What the task asks >>
Reproduce the data exactly as it stands.

Provided material >>
○ ○ ○ ○ ○ ○ ○

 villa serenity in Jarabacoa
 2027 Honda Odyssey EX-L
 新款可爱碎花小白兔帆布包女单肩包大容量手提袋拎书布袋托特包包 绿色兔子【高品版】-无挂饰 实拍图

○ ○ ○ ○ ○ ○ ○

Problem solution >>
 villa serenity in Jarabacoa
 2027 Honda Odyssey EX-L
 新款可爱碎花小白兔帆布包女单肩包大容量手提袋拎书布袋托特包包 绿色兔子【高品版】-无挂饰 实拍图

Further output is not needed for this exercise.